On avait déjà le CD (voir L'ASO n° 274), voici le DVD. Intéressant, parce que Laco Adamik consomme la rupture avec un certain type de production qui sévissait en Pologne à une époque : le pittoresque et le carton-pâte sombraient dans le kitsch alors qu'on exaltait la lutte des classes pour cette histoire de paysanne séduite et engrossée par un noble sans scrupules qui épouse sous ses yeux une jeune fille de son rang - elle en perd même la raison, abandonnant son enfant affamé pour se jeter dans le lac. Moniuszko a, de plus, composé à travers Halka, comme à travers Le Manoir hanté, l'opéra national polonais par excellence. Cela disparaît aussi : le spectacle est plus axé sur le symbole que sur l'anecdote, au milieu des décors abstraits mais signifiants de Barbara Kędzierska : espace nu, souvent à deux niveaux, avec noblesse en haut et peuple en bas, pieux s'enfonçant dans le sol pour suggérer une forêt, un labyrinthe ou une prison, voire les coups portés au cœur de la pauvre Halka, costumes blancs pour les uns, noirs pour les autres... Ceux des montagnards ont perdu toute référence à ces Tatras où la musique polonaise a si souvent puisé son inspiration. Leurs danses aussi, grâce à la chorégraphie contemporaine d'Irina Mazur. Le halo de lumière bleue dont Bogumił Palewicz nimbe la scène est magnifique aussi. Ces ruptures sont salvatrices : en « dénationalisant » Halka, elles lui donnent une portée universelle et nous rappellent que cet ouvrage a sa place dans l'opéra européen de son temps.

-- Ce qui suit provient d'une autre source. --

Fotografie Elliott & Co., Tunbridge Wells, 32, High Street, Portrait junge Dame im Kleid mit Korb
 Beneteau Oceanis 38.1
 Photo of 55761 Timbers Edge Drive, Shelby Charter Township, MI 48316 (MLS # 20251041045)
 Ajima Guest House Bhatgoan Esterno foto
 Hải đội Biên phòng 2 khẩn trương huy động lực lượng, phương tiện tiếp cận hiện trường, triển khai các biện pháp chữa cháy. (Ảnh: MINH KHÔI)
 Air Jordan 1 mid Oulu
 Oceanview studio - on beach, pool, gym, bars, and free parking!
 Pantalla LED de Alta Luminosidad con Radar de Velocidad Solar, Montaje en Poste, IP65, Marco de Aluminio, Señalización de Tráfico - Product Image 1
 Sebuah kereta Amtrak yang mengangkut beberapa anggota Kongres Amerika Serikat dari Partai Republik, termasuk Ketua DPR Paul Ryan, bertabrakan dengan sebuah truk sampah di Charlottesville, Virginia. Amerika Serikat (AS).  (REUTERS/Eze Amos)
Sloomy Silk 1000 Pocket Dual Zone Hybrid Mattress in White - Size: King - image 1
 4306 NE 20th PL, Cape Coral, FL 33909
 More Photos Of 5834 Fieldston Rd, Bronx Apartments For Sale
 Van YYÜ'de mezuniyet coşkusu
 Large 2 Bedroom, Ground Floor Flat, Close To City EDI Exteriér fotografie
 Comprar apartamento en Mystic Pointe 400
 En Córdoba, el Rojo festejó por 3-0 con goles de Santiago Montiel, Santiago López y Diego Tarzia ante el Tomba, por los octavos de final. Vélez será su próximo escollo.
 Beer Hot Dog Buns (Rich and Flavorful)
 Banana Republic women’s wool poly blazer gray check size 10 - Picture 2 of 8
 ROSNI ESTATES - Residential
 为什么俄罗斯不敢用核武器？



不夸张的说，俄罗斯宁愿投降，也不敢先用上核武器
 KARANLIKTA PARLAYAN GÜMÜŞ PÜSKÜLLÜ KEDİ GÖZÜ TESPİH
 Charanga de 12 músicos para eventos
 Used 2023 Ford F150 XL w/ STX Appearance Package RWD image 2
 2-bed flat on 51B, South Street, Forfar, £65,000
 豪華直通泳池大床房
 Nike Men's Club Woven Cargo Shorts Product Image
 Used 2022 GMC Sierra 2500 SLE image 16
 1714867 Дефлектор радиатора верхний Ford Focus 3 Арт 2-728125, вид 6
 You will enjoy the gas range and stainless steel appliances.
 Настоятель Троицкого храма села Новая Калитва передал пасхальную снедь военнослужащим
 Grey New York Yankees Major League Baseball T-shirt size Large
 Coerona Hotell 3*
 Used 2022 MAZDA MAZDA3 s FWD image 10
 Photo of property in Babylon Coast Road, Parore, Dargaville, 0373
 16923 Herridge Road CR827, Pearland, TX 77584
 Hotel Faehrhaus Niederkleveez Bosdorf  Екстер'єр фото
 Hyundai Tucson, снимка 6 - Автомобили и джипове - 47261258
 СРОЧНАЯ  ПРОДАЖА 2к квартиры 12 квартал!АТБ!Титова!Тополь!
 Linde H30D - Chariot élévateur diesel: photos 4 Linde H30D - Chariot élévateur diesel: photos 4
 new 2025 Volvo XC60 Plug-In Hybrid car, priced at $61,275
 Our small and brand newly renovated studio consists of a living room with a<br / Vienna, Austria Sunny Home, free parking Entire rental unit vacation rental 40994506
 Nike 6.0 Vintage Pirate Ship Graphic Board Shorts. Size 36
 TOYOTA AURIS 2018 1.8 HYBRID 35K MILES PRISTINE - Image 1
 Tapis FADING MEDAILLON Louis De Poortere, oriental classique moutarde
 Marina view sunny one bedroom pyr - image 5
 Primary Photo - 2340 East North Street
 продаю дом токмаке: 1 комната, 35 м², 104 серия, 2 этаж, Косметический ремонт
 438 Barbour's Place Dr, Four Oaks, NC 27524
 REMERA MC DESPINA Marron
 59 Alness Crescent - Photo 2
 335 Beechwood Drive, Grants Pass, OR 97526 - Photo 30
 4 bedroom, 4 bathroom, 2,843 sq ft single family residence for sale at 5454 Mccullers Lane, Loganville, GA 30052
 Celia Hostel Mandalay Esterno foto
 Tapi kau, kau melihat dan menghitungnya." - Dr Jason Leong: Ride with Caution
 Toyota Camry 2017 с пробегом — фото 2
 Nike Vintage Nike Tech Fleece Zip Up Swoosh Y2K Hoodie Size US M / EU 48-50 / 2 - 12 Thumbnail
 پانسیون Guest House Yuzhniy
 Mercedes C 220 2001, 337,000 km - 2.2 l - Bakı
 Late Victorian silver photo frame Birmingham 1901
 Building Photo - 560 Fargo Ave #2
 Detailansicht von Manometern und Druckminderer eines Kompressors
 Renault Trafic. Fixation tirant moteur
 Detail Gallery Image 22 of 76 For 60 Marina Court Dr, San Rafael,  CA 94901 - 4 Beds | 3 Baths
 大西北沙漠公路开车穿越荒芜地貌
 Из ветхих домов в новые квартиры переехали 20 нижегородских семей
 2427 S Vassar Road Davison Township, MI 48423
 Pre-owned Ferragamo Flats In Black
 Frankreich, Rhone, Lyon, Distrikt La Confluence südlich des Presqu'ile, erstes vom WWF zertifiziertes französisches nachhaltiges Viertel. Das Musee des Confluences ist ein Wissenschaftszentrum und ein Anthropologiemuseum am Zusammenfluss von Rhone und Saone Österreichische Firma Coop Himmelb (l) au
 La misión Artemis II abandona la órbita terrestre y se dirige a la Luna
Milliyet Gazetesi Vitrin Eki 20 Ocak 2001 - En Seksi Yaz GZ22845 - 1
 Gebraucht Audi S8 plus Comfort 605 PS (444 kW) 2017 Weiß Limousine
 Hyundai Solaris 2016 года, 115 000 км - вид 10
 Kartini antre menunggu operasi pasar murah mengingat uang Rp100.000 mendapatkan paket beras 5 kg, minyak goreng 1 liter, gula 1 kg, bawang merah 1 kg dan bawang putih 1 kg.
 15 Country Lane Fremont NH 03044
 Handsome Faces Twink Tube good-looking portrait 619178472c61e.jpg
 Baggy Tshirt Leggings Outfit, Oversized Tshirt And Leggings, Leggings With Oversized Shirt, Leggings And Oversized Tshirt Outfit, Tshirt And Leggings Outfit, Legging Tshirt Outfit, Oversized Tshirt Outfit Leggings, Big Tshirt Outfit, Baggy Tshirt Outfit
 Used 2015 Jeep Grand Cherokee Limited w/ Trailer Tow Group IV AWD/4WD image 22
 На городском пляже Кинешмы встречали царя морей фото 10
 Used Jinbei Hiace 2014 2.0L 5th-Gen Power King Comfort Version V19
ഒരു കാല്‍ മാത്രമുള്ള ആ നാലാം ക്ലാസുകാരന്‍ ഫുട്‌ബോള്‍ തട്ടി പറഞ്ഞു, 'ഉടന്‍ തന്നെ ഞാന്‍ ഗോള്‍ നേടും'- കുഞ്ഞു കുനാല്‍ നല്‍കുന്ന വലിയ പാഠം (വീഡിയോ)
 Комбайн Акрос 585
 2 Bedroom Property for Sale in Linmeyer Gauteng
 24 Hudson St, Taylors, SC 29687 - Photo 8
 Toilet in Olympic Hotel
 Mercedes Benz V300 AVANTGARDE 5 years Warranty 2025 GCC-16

Sans rien bouleverser, la direction d'acteurs est efficace, même si elle n'arrive pas à faire bouger Oleh Lykhach, Jontek solide mais sans raffinement, aux aigus trop durs. Elle donne en revanche une grande intensité à la composition de Tatiana Borodina, dont le timbre manque parfois un peu de rondeur et l'aigu de stabilité, alors que Mariusz Godlewski porte beau en Janusz, le séducteur lâche. Ewa Michnik, la maîtresse des lieux, qui a fait de Wrocław un des premiers opéras de Pologne, a le geste sûr, même si la baguette pourrait s'alléger ici ou là. Le DVD pourrait maintenant nous offrir la production varsovienne de Mariusz Treliński, dirigée par Marc Minkowski.

D.V.M.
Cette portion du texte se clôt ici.